Pancreatic Exocrine Secretion:

• Pancreas releases a fluid with bicarbonate, enzymes, and hormones when stimulated.
• Some bicarbonate is reabsorbed in exchange for chloride as the fluid moves through the pancreatic ducts.

Liver and Bile Formation

• Liver does not filter like kidneys but actively forms bile using chemical energy.
• Active secretion of bile salts increases bile volume and concentration.

Stomach Development in Ruminants

• In embryo development, the ruminant stomach starts as a spindle-shaped enlargement of the foregut.
• The stomach later divides into four parts: rumen, reticulum, omasum, and abomasum.

Structure of Rumen

• Rumen lining in the first three parts is layered and has papillae.
• Rumen has an S-shaped structure, with pillars and flaps dividing it into upper (dorsal) and lower (ventral) sacs.
• Rumen and reticulum aid in microbial digestion of plant material.

Function of Each Stomach Chamber

• Rumen and reticulum: Specialized for breaking down plant material using microbes.
• Omasum: Specialized for absorbing water from saliva used in digestion.
• Abomasum: Functions as the true stomach, killing bacteria with acids and preparing them for further breakdown.
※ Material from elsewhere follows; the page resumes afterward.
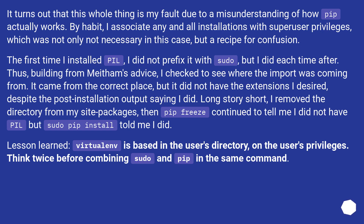It turns out that this whole thing was my fault due to a misunderstanding of how PIL actually works. By habit, I associate any and all installations with superuser privileges, which was not only unnecessary in this case, but a recipe for confusion. The first time I installed PIL, I did not prefix it with sudo, but I did each time after. Thus, building from Mefin's advice, I checked to see where the import was coming from. It came from the correct place, but it did not have the extensions I desired, despite the post-installation output saying I did.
Oesophageal Groove and Reticulo-Ruminal Fold

• Oesophageal groove directs food from the oesophagus to the omasum.
• Reticulo-ruminal fold is an invagination aiding in the movement of food.

Omasum Structure

• Omasum has numerous laminae (folded structures) inside.
• Canal connects reticulo-omasal orifice with omaso-abomasal orifice.

Abomasum

• Has two folds on either side of the orifice, possibly acting as "trap" valves.
• Fundic and pyloric parts: Different parts with varying gland structures.

Summary for Layman:

• Ruminant stomach evolves from a simple shape to four parts during development.
• Each part has a specific role: breaking down plants, absorbing water, and acting as a true stomach.
• Specialized structures like grooves and folds help in directing and processing food.
• Abomasum has distinct regions with specific gland functions.

Stomach Development in Young Animals

• By six months old, the stomach compartments in animals are similar to adults.
• The speed of development depends on the diet, with a faster development on solid food compared to a milk diet.

Oesophageal Grooves

• In young animals, a groove directs milk straight to the true stomach (abomasum) while nursing.
• The groove closes during nursing, forming a tube. It can be stimulated to close by substances like sodium chloride and bicarbonate.

Salivation in Ruminants

• Saliva is produced by various glands in the mouth.
• Glands can be categorized into serous (e.g., parotid), mucous (e.g., buccal), and mixed (e.g., submaxillary).
• Parotid glands secrete continuously, with the rate influenced by feeding and rumination.

Saliva Production Rates

• In cattle, a single parotid gland can produce 30-50 ml per minute during feeding.
• Total saliva production in cattle ranges from 90 to 190 liters per day.
• Diet affects saliva production, with the slowest rate observed after 24 hours of not eating.

In summary, as young animals grow, their stomach compartments develop, influenced by their diet. Grooves in the esophagus help direct milk to the stomach, and saliva production is influenced by different glands, with rates varying based on diet and feeding habits.